Former B.C. premier Christy Clark, departing provincial politics this week after resigning as Liberal leader and as an MLA, says her party's successor will not be bound by a Throne Speech from her government that adopted ideas from the New Democrats and the Green Party.
"My successor will be able to do whatever she or he chooses to do without me interfering in that, and they are going to do that with the caucus and the party," Ms. Clark said on Monday at what was likely her final news conference as party leader before exiting on Aug. 4. "I look forward to seeing what they choose to do."
Ms. Clark, who was first elected to the legislature in 1996 and served as premier for the past six years, said one thing is clear for now: "I am done with public life. Politics isn't a happy job. It's not a fun job, really. It's a fulfilling job and it's really interesting and I loved doing it."
In a bid to remain in office, Ms. Clark's beleaugered Liberals, reduced to a minority in the May election, tabled a Throne Speech in June that offered a wholesale remake of the party's election campaign. It came as defeat in the legislature became a near certainty.

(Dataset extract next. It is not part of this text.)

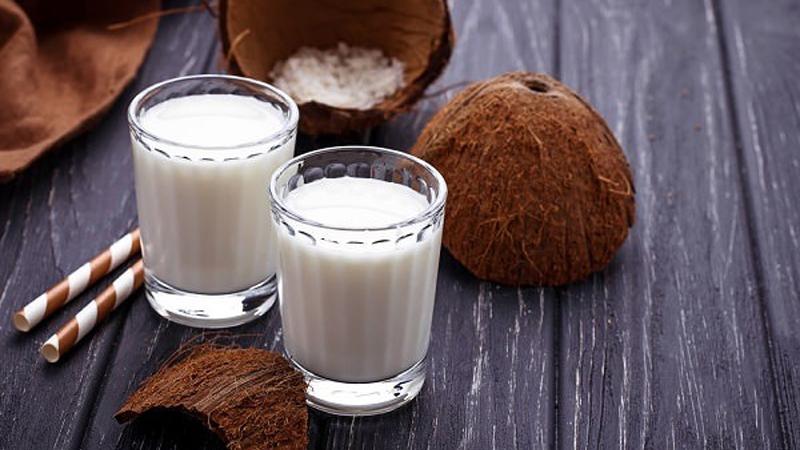 Hai ly sữa dừa trên bàn gỗ, bên cạnh là trái dừa và ống hút sọc.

The Liberals promised to ban corporate and union donations, hold a referendum on electoral reform, eliminate or work to eliminate tolls on a pair of Lower Mainland bridges, and increase the carbon tax. These were among other pledges that were either not in their platform or borrowed from the other parties.
Ms. Clark said Liberals may support "some of the same principles" as the NDP, but have different approaches.
She cited the NDP's commitment to $10-per-day daycare. "That's not a good plan. But there is a good plan we can come up with to expand daycare for people."
The NDP and the Greens ousted the Liberals in a confidence vote and the Lieutenant-Governor asked the New Democrats to form a new government with Green support. John Horgan is now Premier and the Liberals find themselves out of power for the first time in 16 years.
Last Friday, during a caucus meeting in Penticton, Ms. Clark announced she was resigning her leadership and her Kelowna-area seat. She was an MLA from 1996 until 2005, serving in opposition and then in cabinet in Gordon Campbell's government. She became a radio talk-show host after leaving politics in 2005, but returned to win the Liberal leadership in 2011.
In her first public comments on her pending departure, Ms. Clark said she knew, on election night, that it was time to go – a feeling that intensified as the Lieutenant-Governor asked Mr. Horgan to form government.
However, she said she felt that she had to stay on temporarily to help the party's MLAs shift into a new role as the opposition. "It's going to be an adjustment for our party and our caucus," she said. "They're going to have to find some new energy."
In Penticton, she said she asked her caucus whether they wanted her to stay or go. "Every single person in the room asked me to stay," she said. But Ms. Clark said she realized it was finally time to exit – a conclusion she reached during a lakeside walk on Friday morning.
She said she calculated that an election is not imminent, so that gives the party time to pick a new leader. "Part of my decision was figuring out when is the best time for this to happen? Is it two years from now when an election is more likely or is it now when it is least likely.
"I really felt it was best for our party and our province to get it out of the way as soon as we could."
Rich Coleman, named by caucus as the interim leader, said on Monday that he has asked caucus members to report back on their preferred critics assignments, and is working on staffing issues for the opposition. "I'm pretty sure I can have this thing operating by the end of the week," he said in an interview.
The former deputy premier noted that three of the 43 members of the Liberal caucus – himself, former finance minister Mike de Jong and former speaker Linda Reid – have experience in opposition to offer their fellow Liberal MLAs. "These guys are ready to go to work," Mr. Coleman said.
During her news conference, Ms. Clark's teenaged son, Hamish, who stood alongside his mother, offered rare public comment. "She's been premier for most of my life that I can remember, so I think it's going to be an interesting change," he said.